The pattern had been established by Francis Asbury, one of the first two bishops of the Methodist denomination in the United States. Asbury (for whom many Methodist churches have been named, including the one in Agincourt, Iowa) set the record of more than 300,000 miles on horseback carrying the Gospel to any who would hear — and many who wouldn’t, had his spirit been anything less than indomitable.
The current Methodist facility in Agincourt was designed and built circa 1920, among the last of the true Akron-Auditorium church buildings that have fascinated me for more than forty years and about which I hope to write a book. That would have been preceded by at least one, possibly two, earlier church structures.
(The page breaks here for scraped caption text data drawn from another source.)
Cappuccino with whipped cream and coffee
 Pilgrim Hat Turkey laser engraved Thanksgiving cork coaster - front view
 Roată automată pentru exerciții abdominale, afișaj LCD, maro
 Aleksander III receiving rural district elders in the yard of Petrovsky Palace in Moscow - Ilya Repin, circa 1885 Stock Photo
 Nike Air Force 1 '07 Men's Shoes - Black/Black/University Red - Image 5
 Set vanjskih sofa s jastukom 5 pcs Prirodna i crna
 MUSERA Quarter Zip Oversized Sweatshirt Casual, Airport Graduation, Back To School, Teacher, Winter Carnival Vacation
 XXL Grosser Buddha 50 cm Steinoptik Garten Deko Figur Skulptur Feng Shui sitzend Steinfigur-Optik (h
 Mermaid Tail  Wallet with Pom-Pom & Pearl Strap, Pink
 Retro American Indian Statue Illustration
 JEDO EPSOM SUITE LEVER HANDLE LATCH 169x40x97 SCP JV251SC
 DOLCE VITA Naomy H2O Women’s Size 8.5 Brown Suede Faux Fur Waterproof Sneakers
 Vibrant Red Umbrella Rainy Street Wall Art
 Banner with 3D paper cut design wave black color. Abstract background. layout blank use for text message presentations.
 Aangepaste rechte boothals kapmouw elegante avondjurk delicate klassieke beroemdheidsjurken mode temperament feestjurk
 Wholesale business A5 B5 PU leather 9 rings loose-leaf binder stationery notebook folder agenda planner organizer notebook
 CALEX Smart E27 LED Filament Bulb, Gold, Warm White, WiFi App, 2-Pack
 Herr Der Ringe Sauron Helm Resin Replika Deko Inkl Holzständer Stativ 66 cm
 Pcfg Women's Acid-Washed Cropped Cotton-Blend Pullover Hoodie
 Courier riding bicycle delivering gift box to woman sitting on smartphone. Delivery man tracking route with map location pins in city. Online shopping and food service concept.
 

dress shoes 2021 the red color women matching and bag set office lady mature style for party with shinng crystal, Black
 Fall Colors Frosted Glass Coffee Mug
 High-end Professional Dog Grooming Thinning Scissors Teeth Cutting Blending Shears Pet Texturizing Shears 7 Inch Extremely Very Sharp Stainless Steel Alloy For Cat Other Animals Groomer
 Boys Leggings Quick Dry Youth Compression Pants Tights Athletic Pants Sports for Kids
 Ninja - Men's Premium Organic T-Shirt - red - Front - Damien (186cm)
The first, no doubt, came from a pattern book as was published by the denomination; the second, from the collaborative mind of building committee and local building talent — often with mixed results.
The Rev Candice Varenhorst is the current pastor at Asbury UMC. Who her predecessors were I can’t yet say (but you know I will) but I can assure you that they rode circuit to communities within a reasonable radius of Agincourt, in the hope of established a congregation sufficient to support a building and eventually its own resident clergy. This postcard view of a storefront Methodist church in upstate New York could easily have been in some hamlet a few miles from the “mother church.” With a little photoshopping, I think this can become the icon for riding the circuit.